On paper (even with the benefit of George Gershwin’s rapturous music) Bess shouldn’t make sense: her character is told through less of an arc and more of a collection of unrelated roller-coaster swoops. But the soprano’s sincerity and commitment bound everything together—so much so, in fact, that after the character relapses on “happy dust” and runs off to New York City, the rest of the opera felt anticlimactic.
Even more miraculous was her working all this magic with so little support from the nominal star of the piece, Owens. Porgy and his unconditional love really ought to form the emotional center of this show (he’s Butterfly to Bess’s Pinkerton, as it were), but his flinty bass-baritone and grim acting distanced him both from the audience and from the onstage community of Catfish Row.

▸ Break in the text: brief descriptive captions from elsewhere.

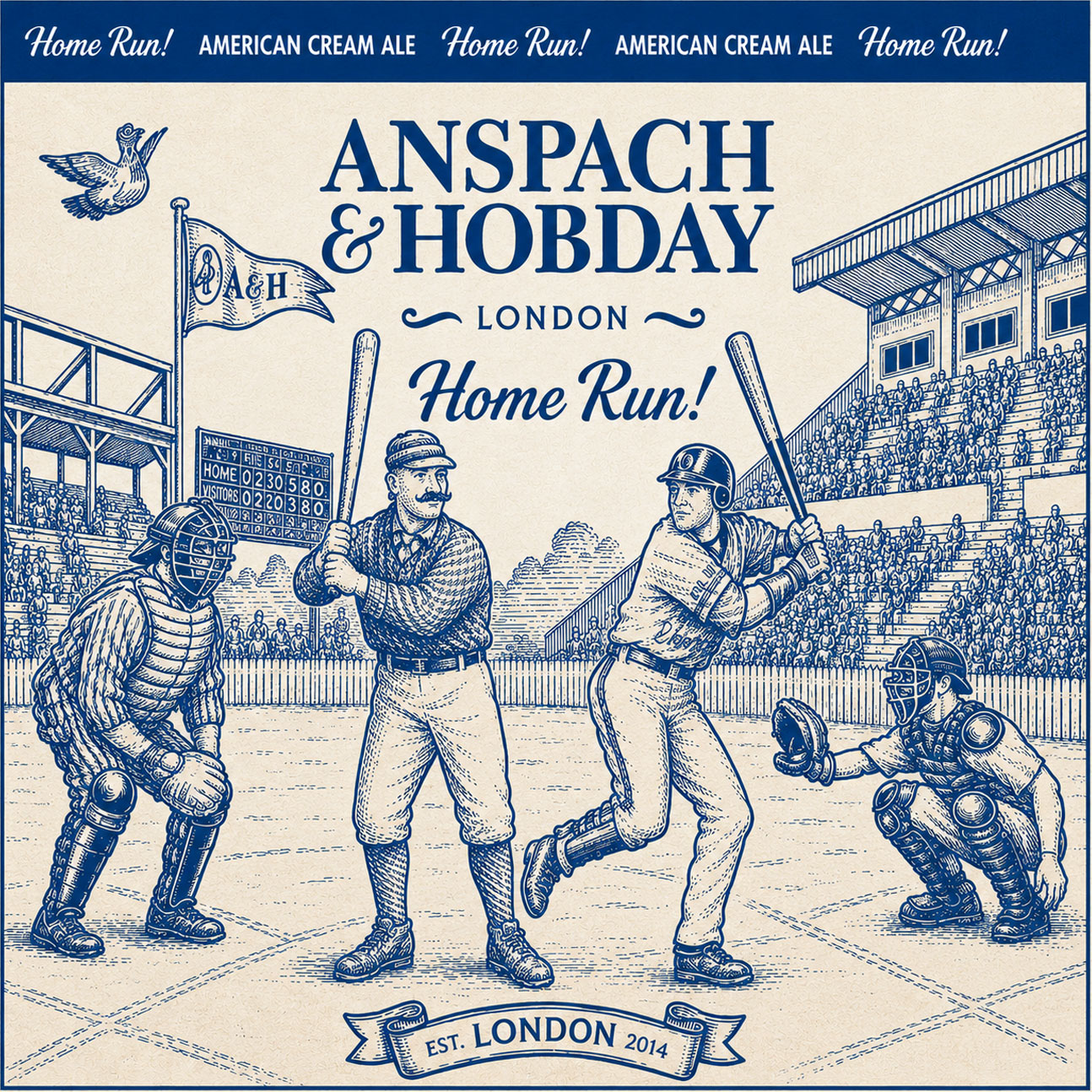 Home Run! beer artwork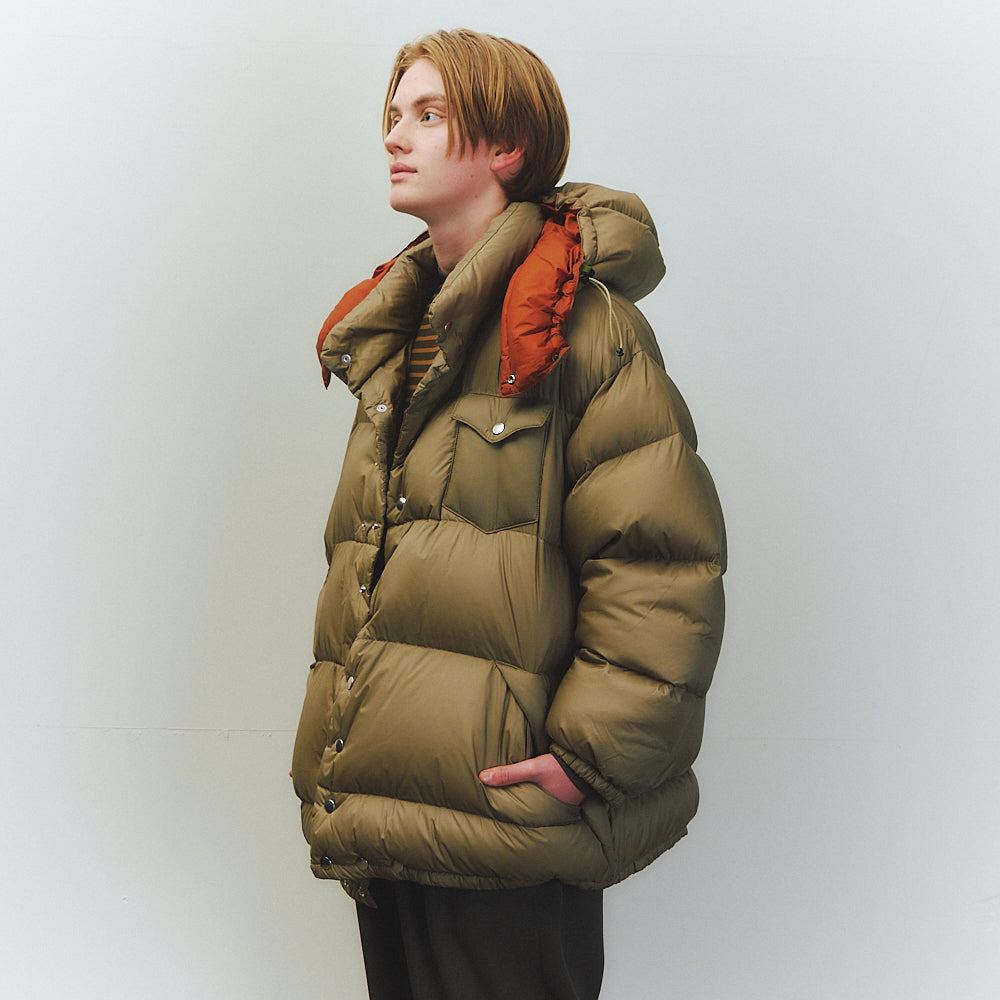 HOODED DOWN PUFFER JACKET (is-ness×NANGA) 8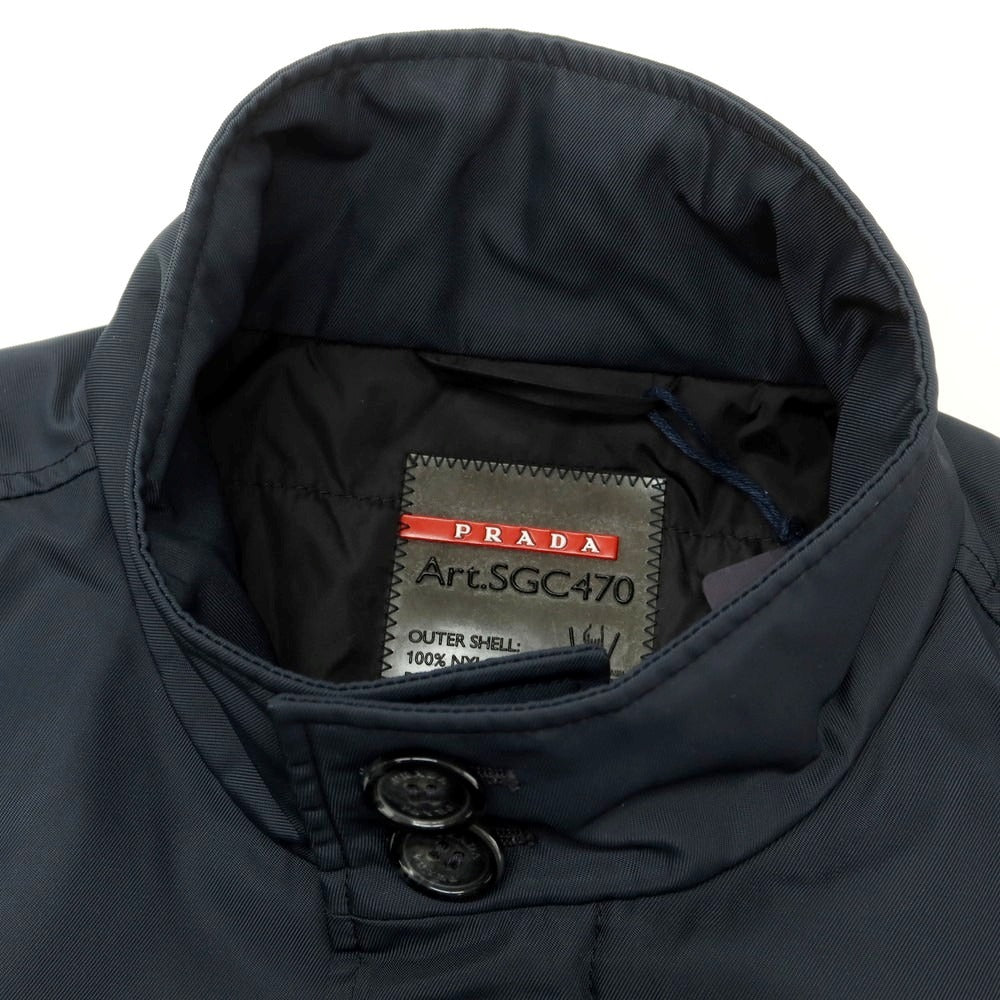 【中古】プラダ PRADA ナイロン 中綿ブルゾン ダークネイビー【 46 】【 状態ランクB 】【 メンズ 】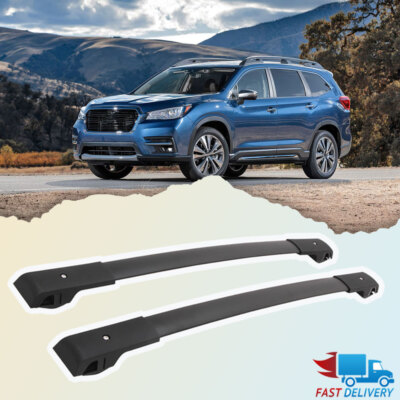 Black Cross Bars Roof Rack For Subaru Ascent 2019 - 2025 With Raised Roof Rails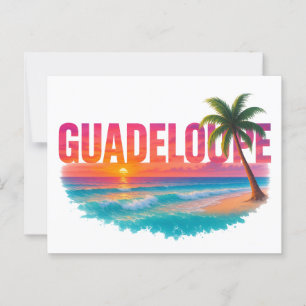Guadeloupe Tropical Sunset Postcard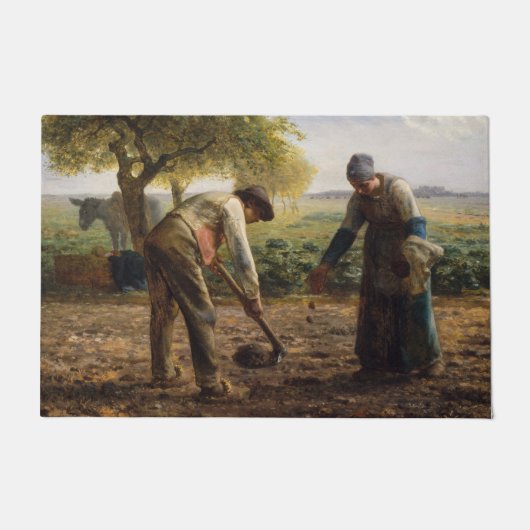 Jean-Francois Millet - Kartoffelpflanzer Fußmatte (Vorderseite)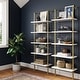 preview thumbnail 21 of 81, Nathan James Theo 5-Shelf Ladder Bookcase Wood with Metal Frame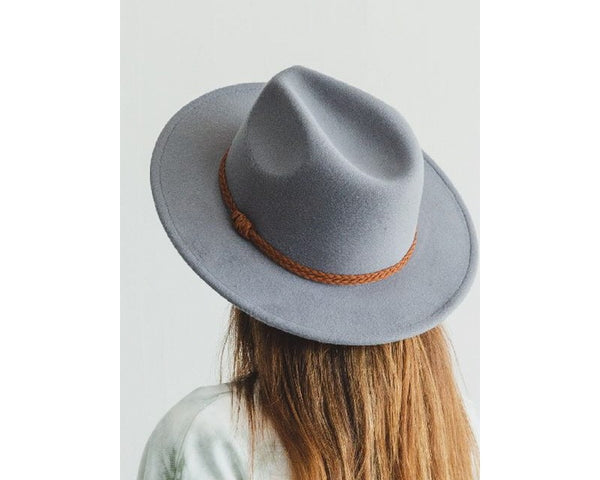 QN3172-FLAT BRIM FEDORA FASHION HAT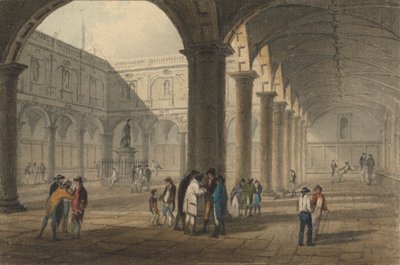 De binnenplaats van de Royal Exchange door John Preston Neale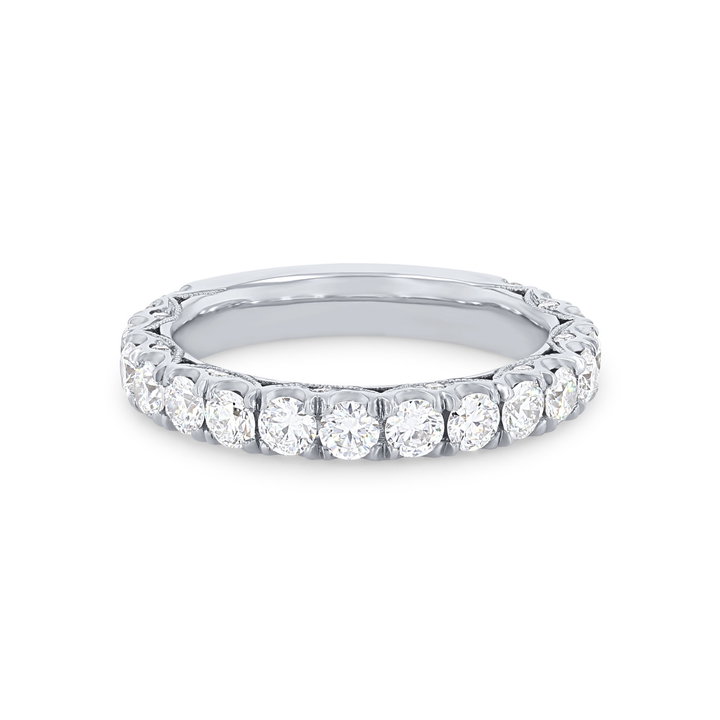 Tacori RoyalT Diamond Wedding Band In Platinum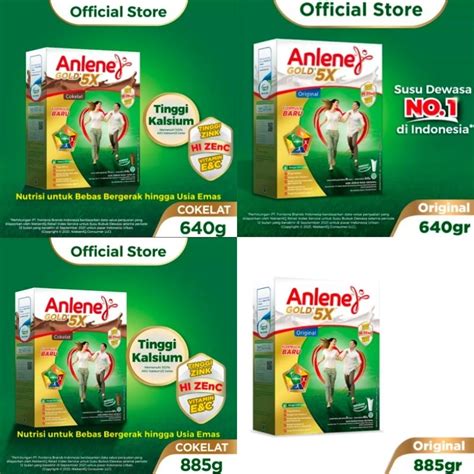 Anlene Gold 5X Original 885gr/milk Anlene Chocolate 620gr/milk ...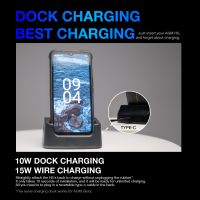 ZZOOI [World Premiere] AGM H5/H5 PRO Dock Station Wireless Charger Stand Holder Desk Charge Android Type C USB Cable Fast Charger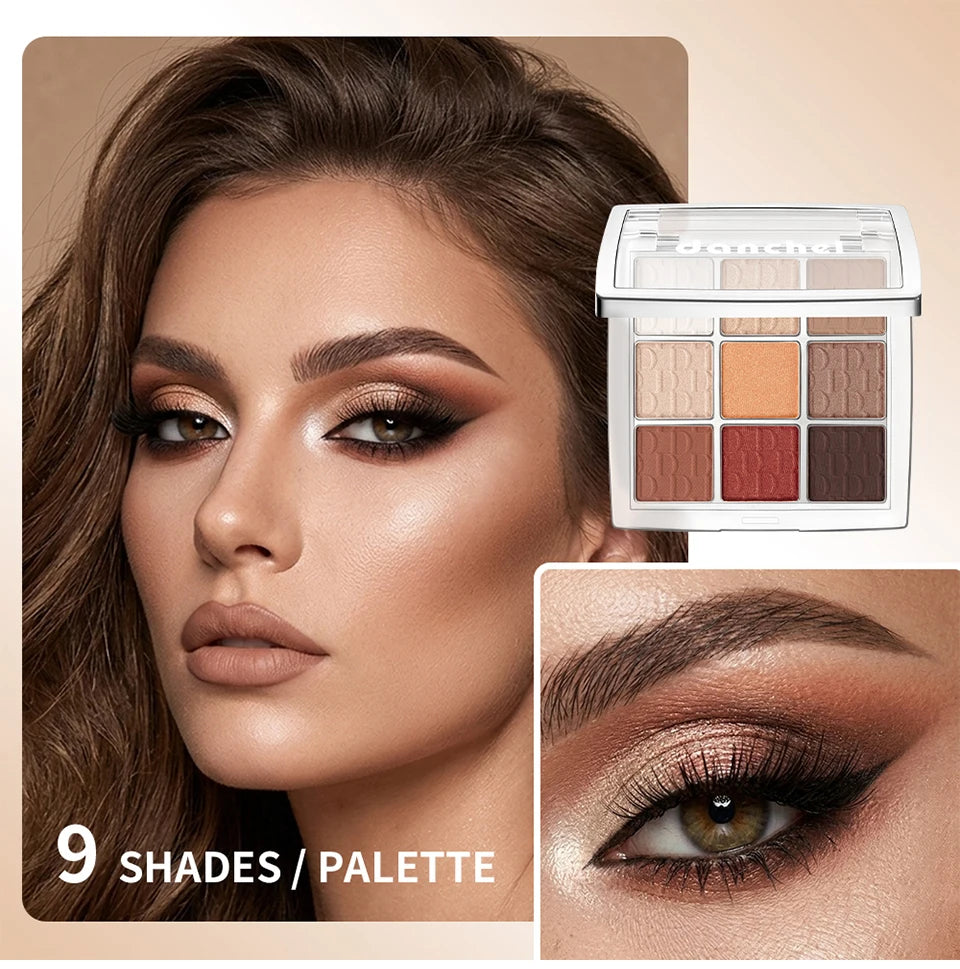 Daily Makeup Eyeshadow Palette with Long Lasting Coordinated Shades - 9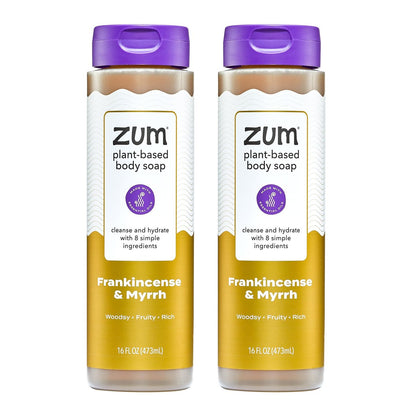 Zum Body Soap - Weihrauch & Myrrhe - 16 fl oz (2er-Pack) - Natürliche Flüssigseife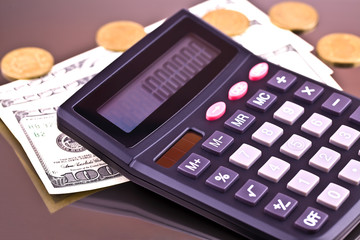 Money and calculator
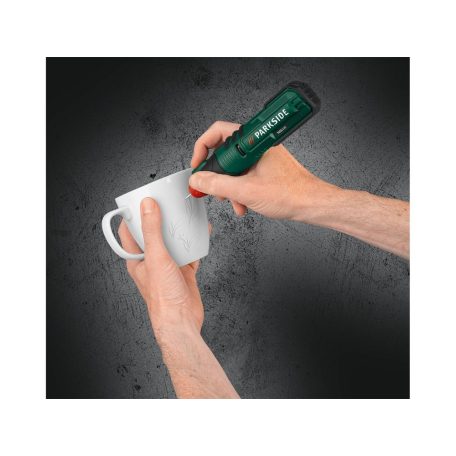 ParkSide PAGG 4 B2 akkus, 4V 1.5Ah li-ion akkumulátoros, vezeték nélküli gravírozó készlet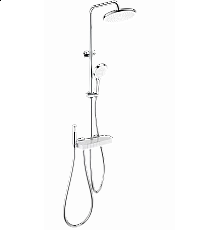 Душевая система с термостатом WONZON & WOGHAND, Черный матовый (WW-B3580-CR)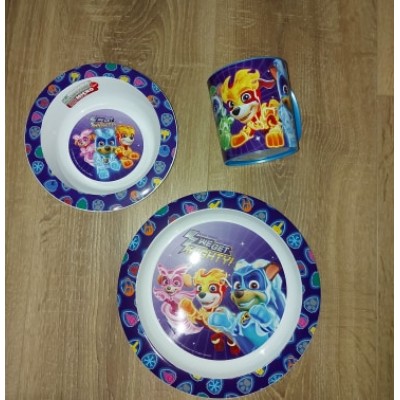 Paw Patrol, Mancs Őrjárat Étkészlet, micro műanyag szett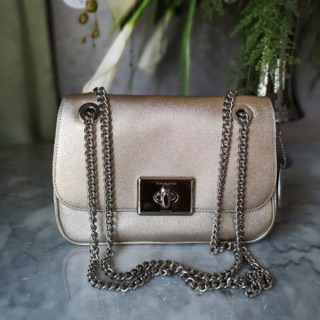 CASSIDY CROSSBODY (COACH F38073) PLATINUM/SILVER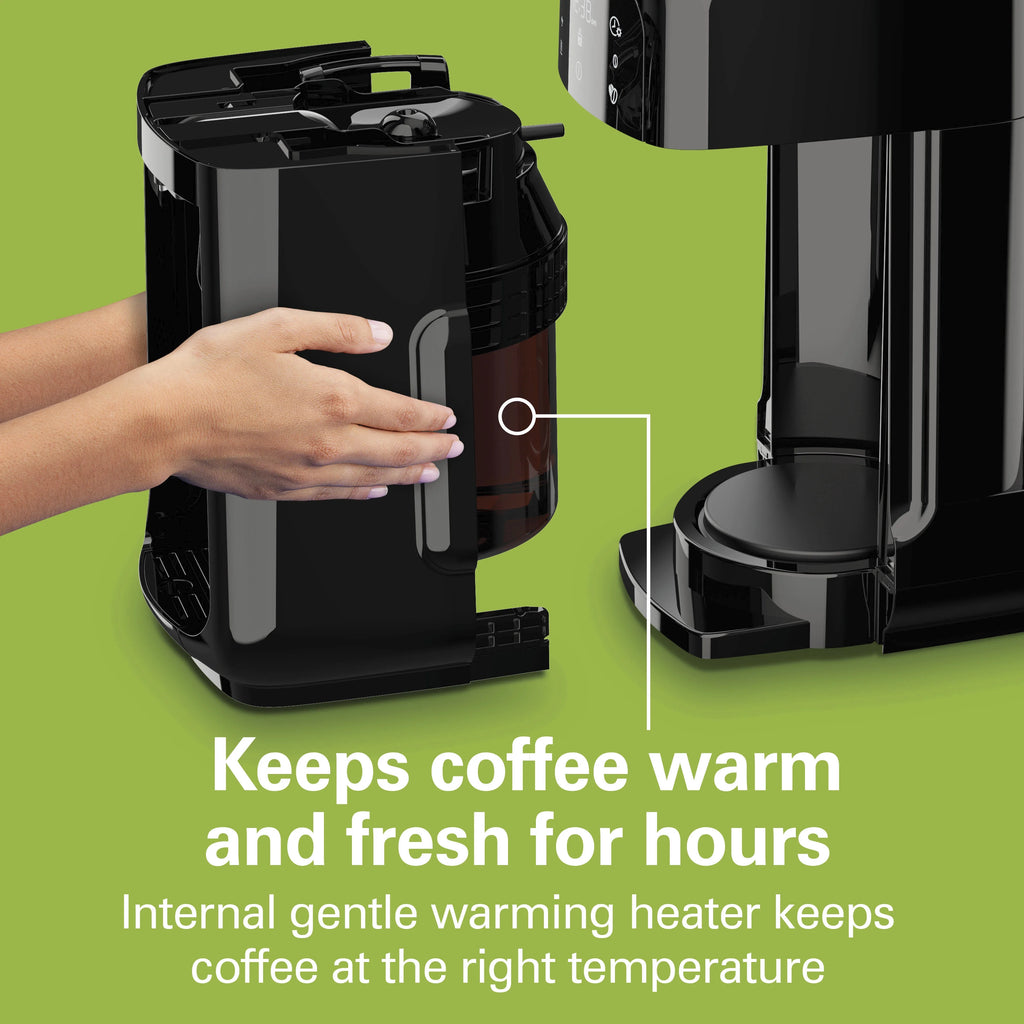 12 Cup Black Coffee Maker K873
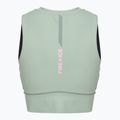 women's training T-shirt BOGNER FIRE+ICE Caia 1/4 Zip eucalyptus 2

Among that community, though, a number of excellent individual performances shone. Soprano Latonia Moore very nearly stole the show from Blue with Serena’s two show-stopping numbers; the cheers and applause after her wrenching “My Man’s Gone Now” were the kind of fanatical ovation a coloratura might dream of after the Mad Scene in “Lucia di Lammermoor.” And another soprano, Leah Hawkins, who graced the stage for only a couple of minutes as the Strawberry Woman, won thundering applause as her long-held high pianissimo trailed away.
As the nefarious pimp and drug peddler Sportin’ Life, Frederick Ballentine played the role to the hilt, but that was, I think, a miscalculation. He created a performative, presentational character in the context of what was generally a realistic production. Also, for my taste, “It Ain’t Necessarily So” is a strong enough number that it doesn’t need to be swung so far out of shape as the tenor did on opening night.
Far more compelling was Alfred Walker as Bess’ gangster lover, Crown, his granite bass-baritone and stocky presence radiating menace. So strong was his performance that I kept wondering why he—or any of several other excellent low-voiced singers in the cast—wasn’t taking Owens’s place in the title role.
The great success of James Robinson’s production is creating a sense of the community of Catfish Row, with singers and dancers busy and attentive on multiple levels of Michael Yeargan’s intricate unit set. Less effective were a number of scenes partially obscured by that setting’s maze of pilings and screen door.
Sadly, the weakest link through most of the night was the musical aspect, from the hacked-up version of the score to David Robertson’s pedantic conducting. Most of the show seemed to crawl in slow motion until the transcendent final scene where Porgy and the chorus sing “Oh Lawd, I’m On My Way.” Here Robertson suddenly pushed the pedal to the metal and the hapless Owens vanished before we could grasp the magnificent folly of this quest to find Bess.
Then again, what quest could be called folly with the magnificent Angel Blue as the goal?